Task brief
The data below is to be written out exactly, with no pictures.

Data segment
§ §

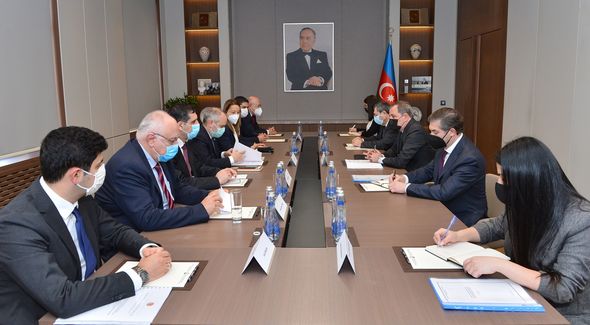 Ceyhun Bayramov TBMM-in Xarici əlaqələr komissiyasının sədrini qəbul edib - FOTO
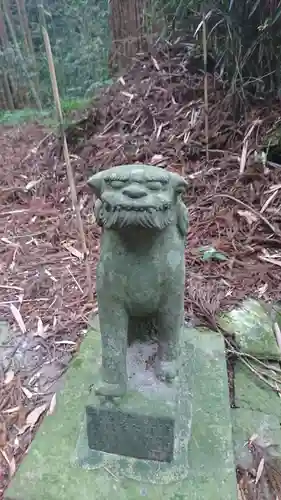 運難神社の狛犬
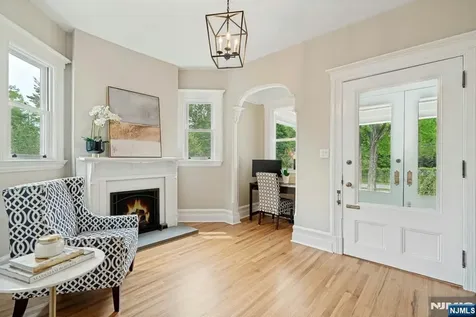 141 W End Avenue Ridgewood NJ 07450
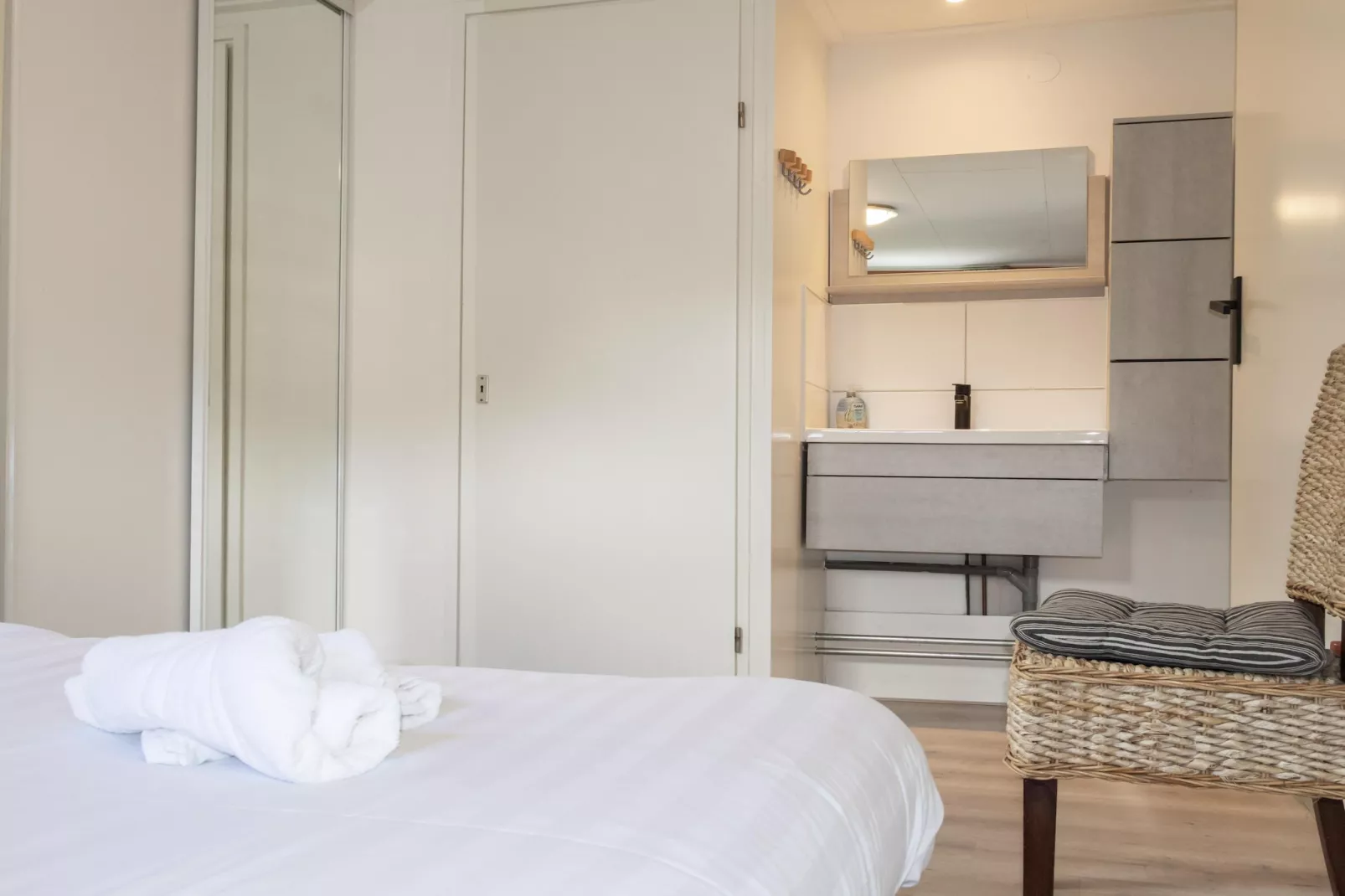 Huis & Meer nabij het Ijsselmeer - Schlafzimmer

§ §

Solution to this task
 Ceyhun Bayramov TBMM-in Xarici əlaqələr komissiyasının sədrini qəbul edib - FOTO
 運難神社の狛犬
 141 W End Avenue Ridgewood NJ 07450
 Huis & Meer nabij het Ijsselmeer - Schlafzimmer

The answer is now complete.